= WORK TO COMPLETE =
I'd like the data below restated word for word, with the pictures left out.

= INFORMATION SUPPLIED =
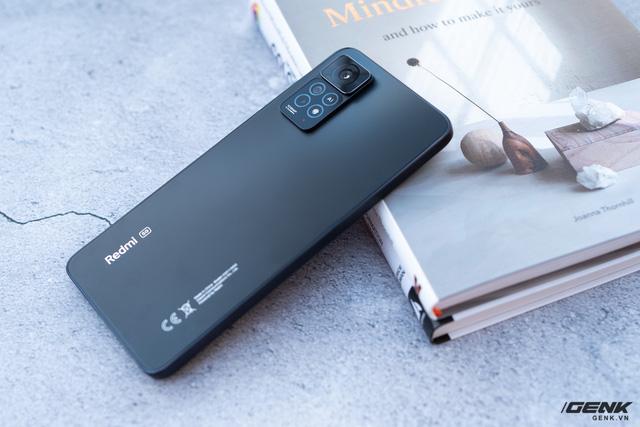 Cho rằng smartphone giá rẻ của mình vượt trội hơn Galaxy S21 FE của Samsung, Xiaomi nhận phản ứng trái chiều từ người dùng - Ảnh 1. Cho rằng smartphone giá rẻ của mình vượt trội hơn Galaxy S21 FE của Samsung, Xiaomi nhận phản ứng trái chiều từ người dùng - Ảnh 1.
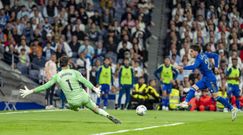 Nacho Vidal ante�Courtois, en una de las grandes oportunidades del Real Oviedo ante el Real Madrid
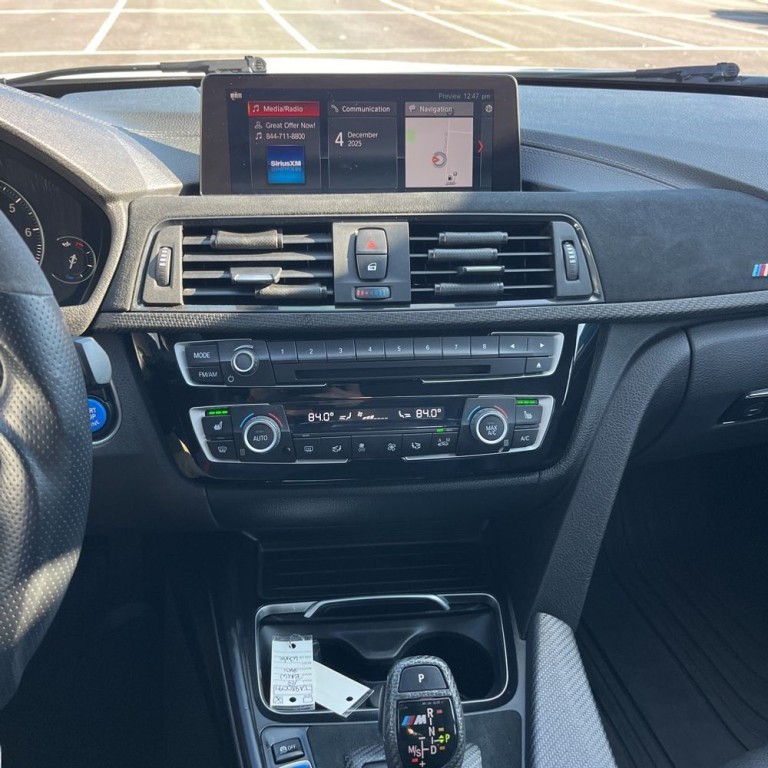 2018 BMW 3 Series Image 11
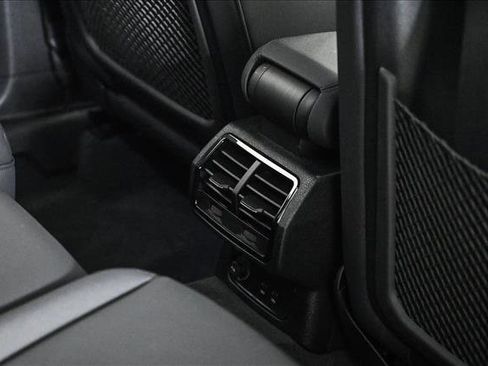 Certified 2024 Audi Q3 2.0T Premium Plus w/ Premium Plus Package image 18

= EXERCISE RESULT =
 Cho rằng smartphone giá rẻ của mình vượt trội hơn Galaxy S21 FE của Samsung, Xiaomi nhận phản ứng trái chiều từ người dùng - Ảnh 1. Cho rằng smartphone giá rẻ của mình vượt trội hơn Galaxy S21 FE của Samsung, Xiaomi nhận phản ứng trái chiều từ người dùng - Ảnh 1.
 Nacho Vidal ante�Courtois, en una de las grandes oportunidades del Real Oviedo ante el Real Madrid
 2018 BMW 3 Series Image 11
 Certified 2024 Audi Q3 2.0T Premium Plus w/ Premium Plus Package image 18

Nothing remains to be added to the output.